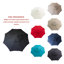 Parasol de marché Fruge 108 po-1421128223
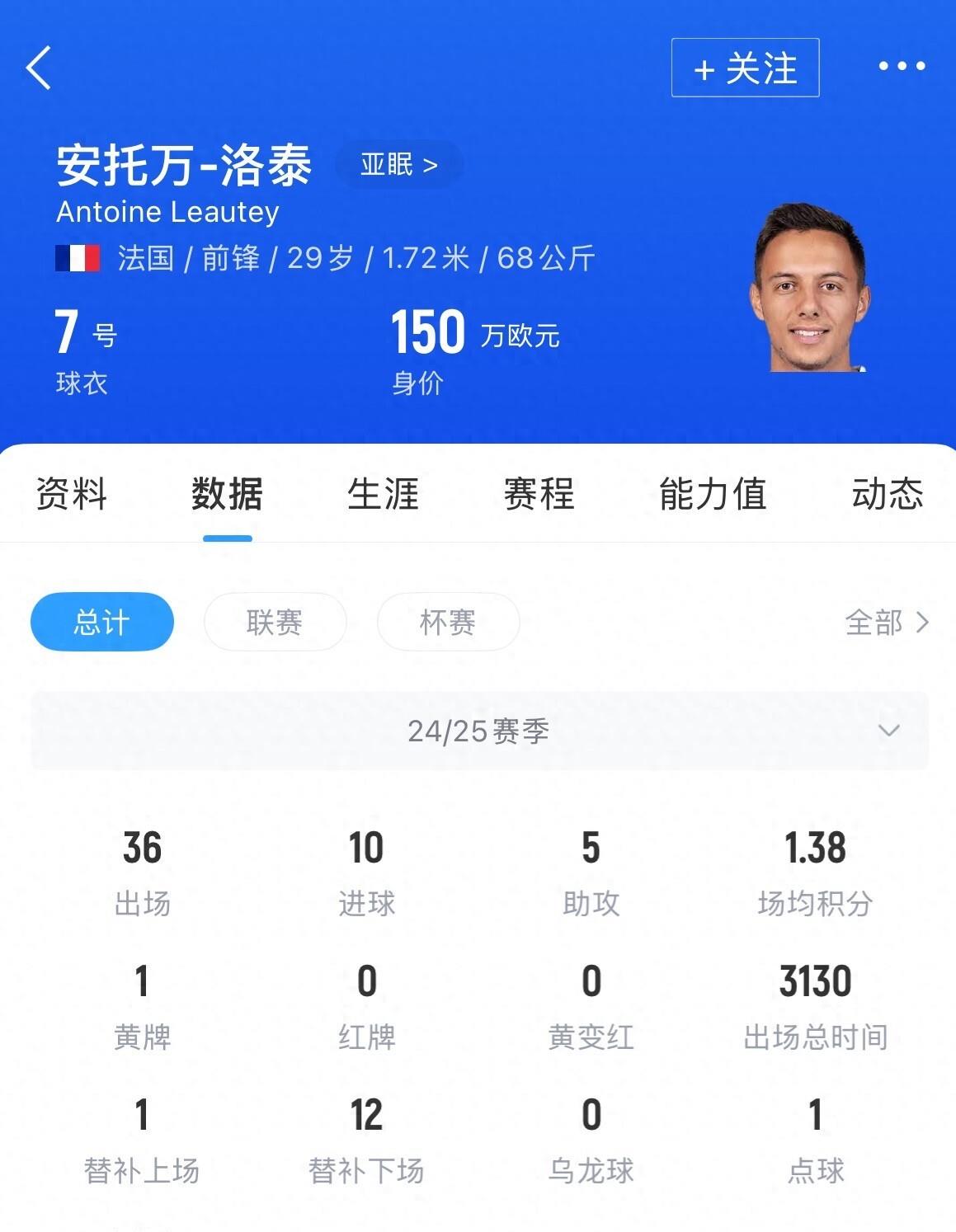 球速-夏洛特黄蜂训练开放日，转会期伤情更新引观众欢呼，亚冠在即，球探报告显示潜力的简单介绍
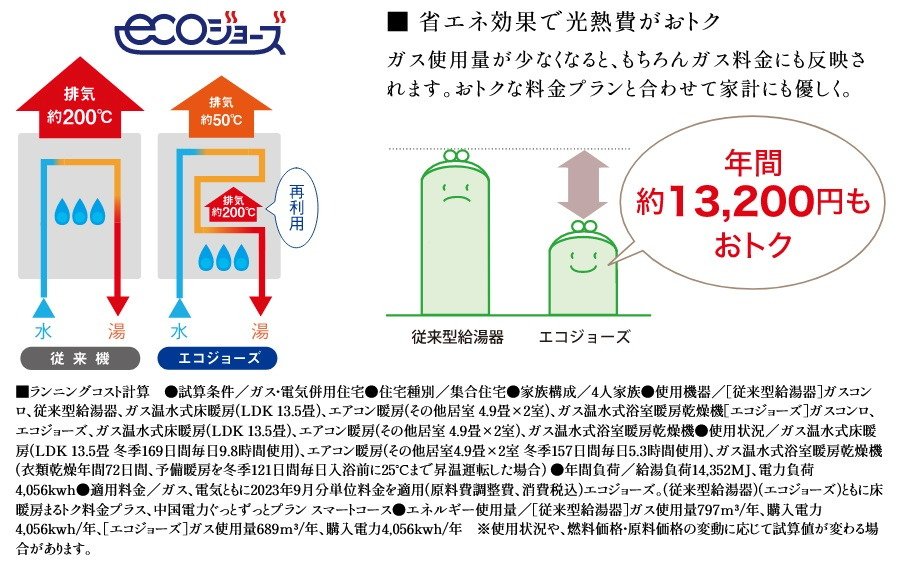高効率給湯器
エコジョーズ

-------

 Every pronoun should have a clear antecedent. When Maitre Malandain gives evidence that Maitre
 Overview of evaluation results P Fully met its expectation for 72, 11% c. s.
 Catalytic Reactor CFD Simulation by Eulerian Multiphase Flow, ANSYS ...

-------

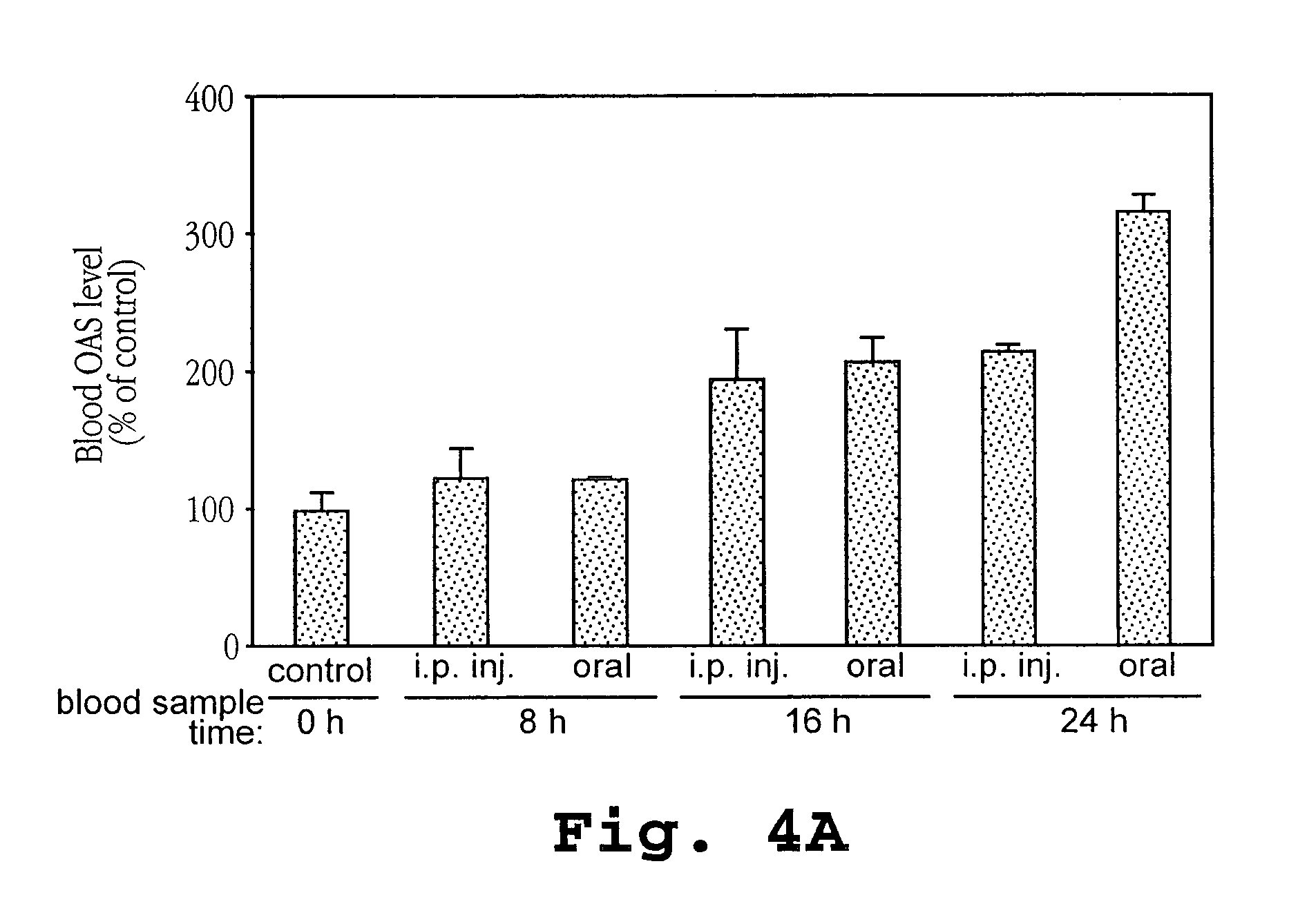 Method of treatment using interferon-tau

-------

| Your goal |
Only the lines above starting at the one containing "Every pronoun should" and ending at the one containing "Catalytic Reactor CFD", both included, are to be returned, exactly as they read.

| Solution below |
 Every pronoun should have a clear antecedent. When Maitre Malandain gives evidence that Maitre
 Overview of evaluation results P Fully met its expectation for 72, 11% c. s.
 Catalytic Reactor CFD Simulation by Eulerian Multiphase Flow, ANSYS ...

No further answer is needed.